そんなある日、群れからはぐれてしまいます・・・。
あらすじ
アフリカの大きな森の奥に、ゴリラたちが住んでいました。
ゴリラは一頭のお父さんと、何頭かのお母さん、子どもたちで大きな家族を作り暮らしています。
お父さんはいつもみんなを見守っています。
ある朝、双子の赤ちゃんが生まれました。
名前はマパとパサ。
二匹はいつも一緒。
段々と大きくなっていきました。
でも、二匹は体の大きなお父さんが怖くて近づけません。
他の子どもたちはお父さんと遊んでいるのですが・・・。
ある日のこと、マパはキイチゴを見つけました。
パサに見つからないようにしていたのですが、見つかって取られてしまいます。
逃げるパサを追いかけるうち、二匹は群れからはぐれてしまいました。
目の前には見たことのない森が広がっています。
お母さんを呼んでみましたが返事はありません。
マパとパサのことを、見たことのない動物たちが見ています。
辺りはだんだん暗くなっていきました。
このままでは危険です。
二匹はお母さんがしていたことを思いだし、木の上に寝床を作り始めました。
なんとか寝床を作り、入り込むと、森に夜がやってきました。
月が隠れると、辺りは真っ暗。
すぐ近くで、聞いたことのない声、嗅いだことのない臭いがします。
二匹は抱き合いながら、眠れない夜を過ごしました。
やっと夜が明け、朝がやってきました。
二匹はお母さんを探しに出発します。
無事に群れに戻ることが出来るのでしょうか。
『ふたごのゴリラ』の素敵なところ
- リアルに描かれたゴリラたち
- 恐ろしいジャングルの夜
- いざという時頼りになるのは・・・
この絵本でなによりも目を引くのは、とてもリアルに描かれたゴリラたちでしょう。
その動き、表情、毛並み・・・。
どれをとっても、まるで本物のようです。
ゴリラたちの暮らしぶりも、とてもリアルに描かれていて、アフリカのゴリラたちの暮らしぶりや生態を知ることが出来ます。

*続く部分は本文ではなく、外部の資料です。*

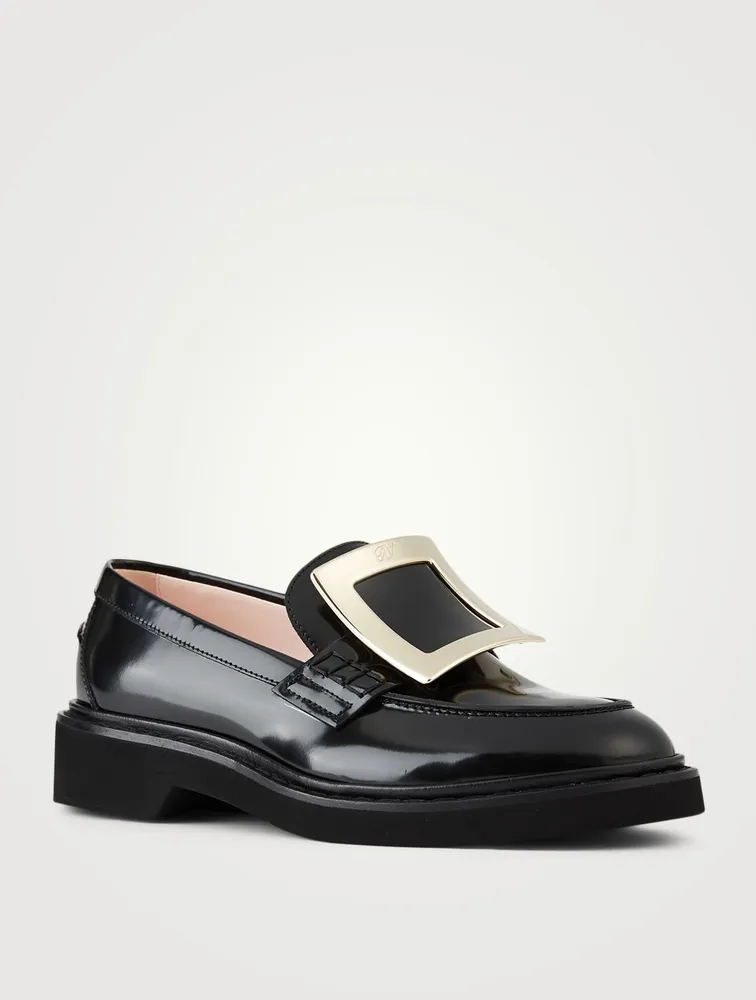 Viv' Rangers Leather Loafers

そんなリアル志向で描かれているからこそ、マパとパサの冒険にも臨場感が生まれます。
厳しい自然界で、子どもが群れから離れることの意味を感じさせられるのです。
その中でも、特に怖いのが夜の森。
見知らぬ場所、知らない鳴き声、知らない臭い、そこかしこからする物音・・・。
さらには段々と暗くなっていく空。
不安そうなマパとパサの姿に、子どもたちも共鳴します。
一緒に不安や怖さを感じているようです。
寝床が出来ても安心できません。
真っ暗になった森の様子は、驚くほど恐ろしく、正体不明の気配の怖さが見事に描き出されています。
マパとパサと一緒に、子どもたちも抱き合っているようでした。
なんとか支え合い、朝を迎えた二匹。
でも、まだ安心は出来ません。
群れに戻らないといけないのですから。
そんな時に出会ったのが・・・。
やはり、いざという時には助けに来てくれる、頼りになる存在なのです。
子どもたちも、その姿を見た瞬間に安心し、胸をなでおろしていました。
やはり、その力強さはなによりも心強いのでしょう。
ゴリラたちやジャングルが、とてもリアルだからこそ臨場感がある。
大自然の厳しさ、恐ろしさ、そして、家族の心強さを感じる絵本です。